Task goal ▸
From the data below, return the exact lines starting at the line containing "Family Walking on the Beach" and ending at the line containing "clothes washing area", both included, and nothing else.

********

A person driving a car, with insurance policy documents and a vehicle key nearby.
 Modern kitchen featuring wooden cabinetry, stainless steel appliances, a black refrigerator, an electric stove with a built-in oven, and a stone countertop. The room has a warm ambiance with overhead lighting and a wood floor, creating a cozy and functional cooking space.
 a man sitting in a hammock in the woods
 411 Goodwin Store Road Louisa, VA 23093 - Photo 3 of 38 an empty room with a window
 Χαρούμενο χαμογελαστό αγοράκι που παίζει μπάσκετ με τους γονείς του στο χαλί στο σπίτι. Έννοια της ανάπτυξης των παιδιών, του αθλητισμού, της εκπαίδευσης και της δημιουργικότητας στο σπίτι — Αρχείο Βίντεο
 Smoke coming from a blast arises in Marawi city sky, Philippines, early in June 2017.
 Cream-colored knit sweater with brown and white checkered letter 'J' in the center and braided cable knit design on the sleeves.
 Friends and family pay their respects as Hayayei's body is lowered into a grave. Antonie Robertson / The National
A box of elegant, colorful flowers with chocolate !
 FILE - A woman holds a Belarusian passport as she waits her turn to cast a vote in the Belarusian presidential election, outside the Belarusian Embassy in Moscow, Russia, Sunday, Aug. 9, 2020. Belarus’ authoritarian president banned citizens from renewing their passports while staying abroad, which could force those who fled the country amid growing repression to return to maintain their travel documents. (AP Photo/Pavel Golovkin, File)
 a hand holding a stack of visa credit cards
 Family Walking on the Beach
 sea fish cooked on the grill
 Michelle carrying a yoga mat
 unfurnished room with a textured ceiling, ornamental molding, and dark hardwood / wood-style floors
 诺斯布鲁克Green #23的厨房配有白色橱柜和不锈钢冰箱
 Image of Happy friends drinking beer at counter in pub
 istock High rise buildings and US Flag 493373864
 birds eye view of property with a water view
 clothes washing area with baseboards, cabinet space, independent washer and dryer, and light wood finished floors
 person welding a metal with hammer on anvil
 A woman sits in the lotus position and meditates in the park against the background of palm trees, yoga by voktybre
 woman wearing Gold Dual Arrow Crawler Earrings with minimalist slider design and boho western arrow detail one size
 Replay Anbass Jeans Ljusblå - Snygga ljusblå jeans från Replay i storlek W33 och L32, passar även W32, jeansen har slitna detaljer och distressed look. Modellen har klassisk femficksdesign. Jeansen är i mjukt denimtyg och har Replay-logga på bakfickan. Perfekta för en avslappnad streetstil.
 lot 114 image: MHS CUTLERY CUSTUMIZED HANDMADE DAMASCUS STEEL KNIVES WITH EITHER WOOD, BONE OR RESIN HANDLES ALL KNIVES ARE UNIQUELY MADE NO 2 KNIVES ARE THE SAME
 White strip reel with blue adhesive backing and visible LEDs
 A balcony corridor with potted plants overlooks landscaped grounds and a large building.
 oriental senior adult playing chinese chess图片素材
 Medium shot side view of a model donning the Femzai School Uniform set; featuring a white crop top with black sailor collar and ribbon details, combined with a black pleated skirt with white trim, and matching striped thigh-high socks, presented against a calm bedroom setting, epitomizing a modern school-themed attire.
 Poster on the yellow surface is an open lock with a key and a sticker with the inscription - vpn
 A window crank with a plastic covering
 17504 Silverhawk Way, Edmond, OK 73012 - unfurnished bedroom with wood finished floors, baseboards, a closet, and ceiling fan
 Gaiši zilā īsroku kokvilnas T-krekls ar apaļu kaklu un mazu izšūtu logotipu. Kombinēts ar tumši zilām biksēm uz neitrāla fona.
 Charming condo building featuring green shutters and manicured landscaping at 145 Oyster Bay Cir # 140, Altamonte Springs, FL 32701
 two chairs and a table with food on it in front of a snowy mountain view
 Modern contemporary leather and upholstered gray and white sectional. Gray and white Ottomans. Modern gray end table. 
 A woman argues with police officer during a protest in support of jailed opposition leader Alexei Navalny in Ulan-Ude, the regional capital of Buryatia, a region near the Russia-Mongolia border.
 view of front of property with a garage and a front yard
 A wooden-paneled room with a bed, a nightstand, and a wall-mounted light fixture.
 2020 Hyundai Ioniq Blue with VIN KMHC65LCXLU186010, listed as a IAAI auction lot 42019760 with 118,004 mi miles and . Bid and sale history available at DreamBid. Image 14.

********

Expected answer ▸
 Family Walking on the Beach
 sea fish cooked on the grill
 Michelle carrying a yoga mat
 unfurnished room with a textured ceiling, ornamental molding, and dark hardwood / wood-style floors
 诺斯布鲁克Green #23的厨房配有白色橱柜和不锈钢冰箱
 Image of Happy friends drinking beer at counter in pub
 istock High rise buildings and US Flag 493373864
 birds eye view of property with a water view
 clothes washing area with baseboards, cabinet space, independent washer and dryer, and light wood finished floors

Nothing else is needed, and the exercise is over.